*** Materials provided ***

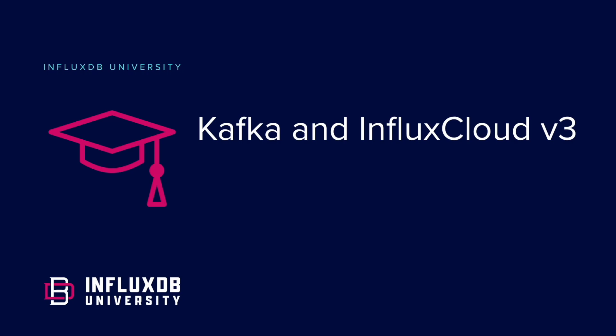We're going to learn about how we can use Kafka and InfluxDB Cloud V3 to generate data, subscribe to a topic, and write that data to InfluxDB using Kafka.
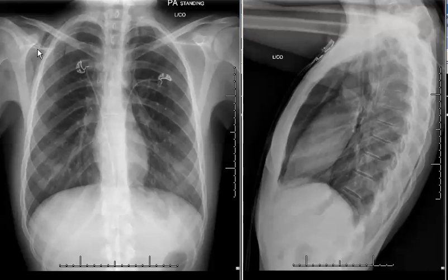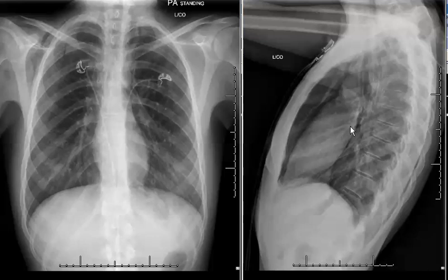In addition, we see some subcutaneous emphysema along the right chest wall here, and also here tracking up into the neck. If we look at the lateral radiograph, we can definitely see air outlining both the anterior and posterior borders of the heart. This extends cranially as well. These findings are consistent with pneumomediastinum.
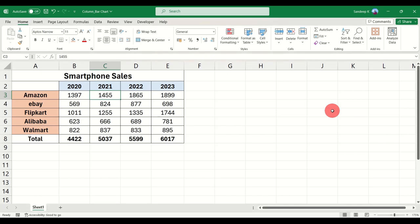Hi everyone and welcome to another video on Turn to Data. In this video I will give you a quick understanding of how basic column charts or bar charts work in Excel, so let's get started.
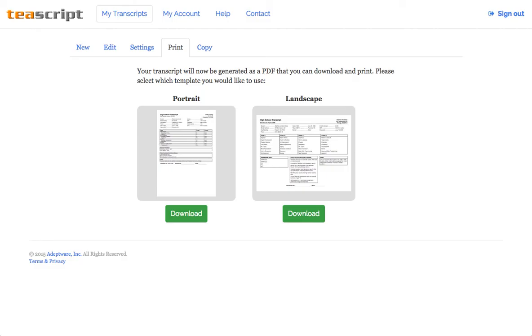And that's how easy it is to change the font on your transcript. If you have any questions, feel free to email me, matt at t-script.com.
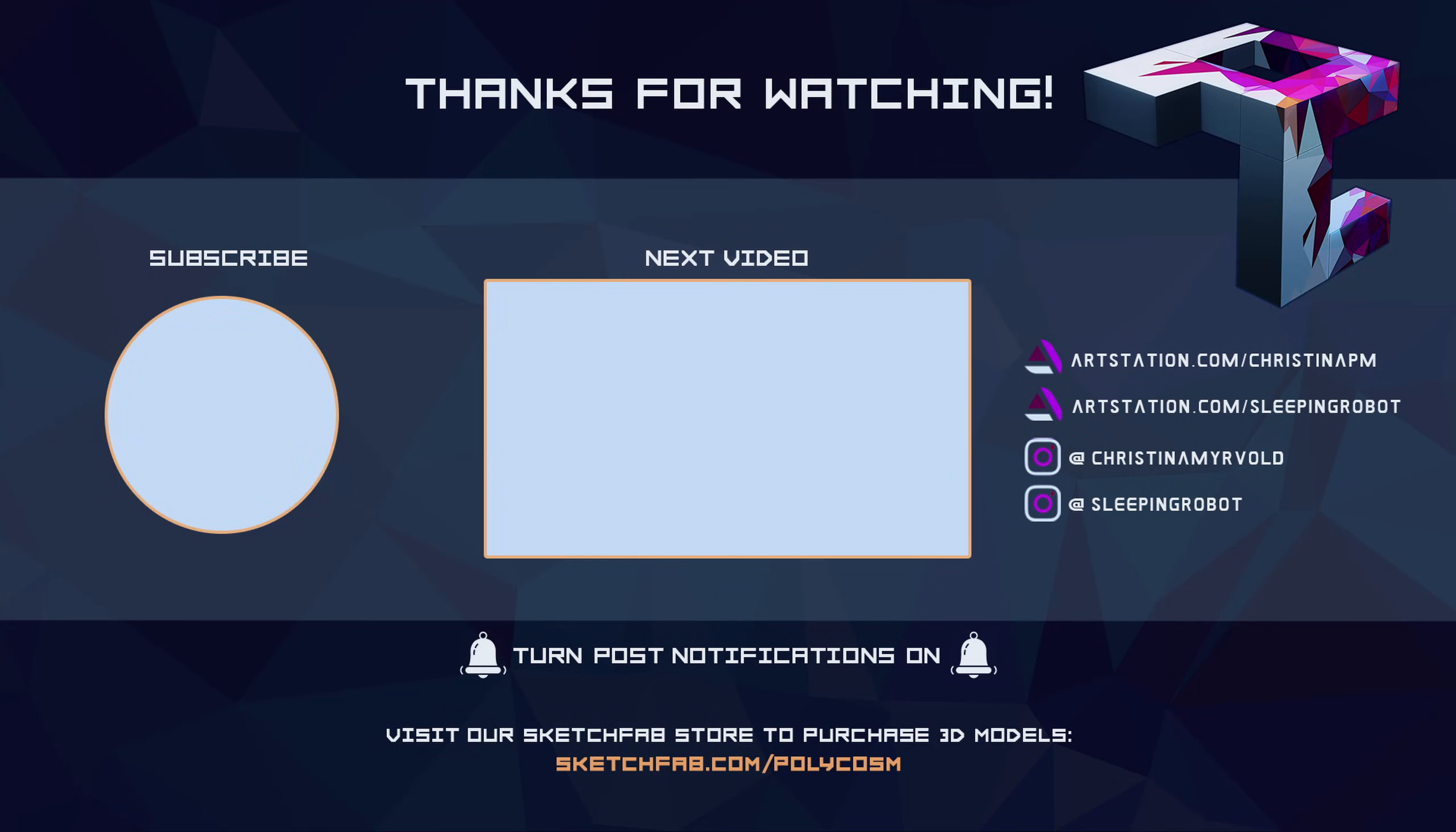Hope you guys enjoyed this short little video. Thanks so much for watching and yeah see you later!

*** End of Materials provided ***

Brief:
Excluding the pictures, write out exactly the lines from the line that contains "In addition, we" through the end of the records.

Exercise solution:
In addition, we see some subcutaneous emphysema along the right chest wall here, and also here tracking up into the neck. If we look at the lateral radiograph, we can definitely see air outlining both the anterior and posterior borders of the heart. This extends cranially as well. These findings are consistent with pneumomediastinum.
Hi everyone and welcome to another video on Turn to Data. In this video I will give you a quick understanding of how basic column charts or bar charts work in Excel, so let's get started.
And that's how easy it is to change the font on your transcript. If you have any questions, feel free to email me, matt at t-script.com.
Hope you guys enjoyed this short little video. Thanks so much for watching and yeah see you later!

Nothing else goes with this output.